==== Input data

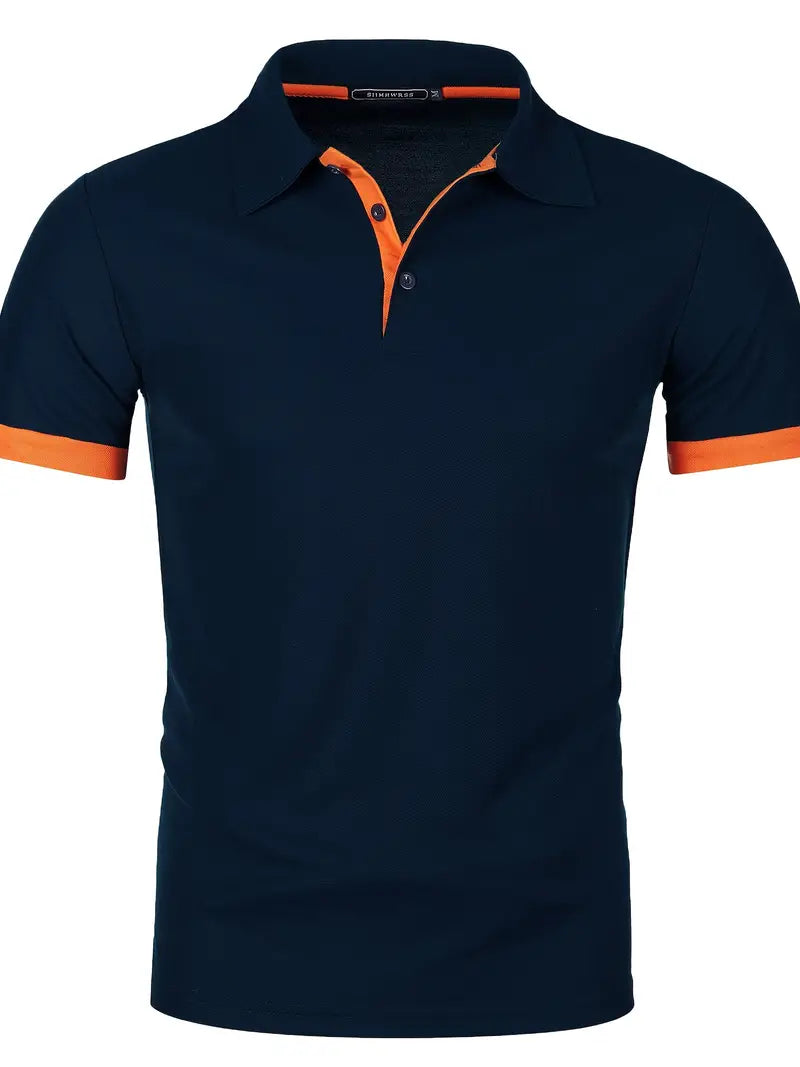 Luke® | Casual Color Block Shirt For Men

========
==== Input data

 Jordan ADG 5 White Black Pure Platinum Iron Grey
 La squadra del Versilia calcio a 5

========
==== Input data

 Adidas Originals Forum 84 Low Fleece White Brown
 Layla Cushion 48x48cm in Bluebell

========

**What you are asked to do**
Each line of the data that holds "White" should be copied.

**Output for this task**
 Jordan ADG 5 White Black Pure Platinum Iron Grey
 Adidas Originals Forum 84 Low Fleece White Brown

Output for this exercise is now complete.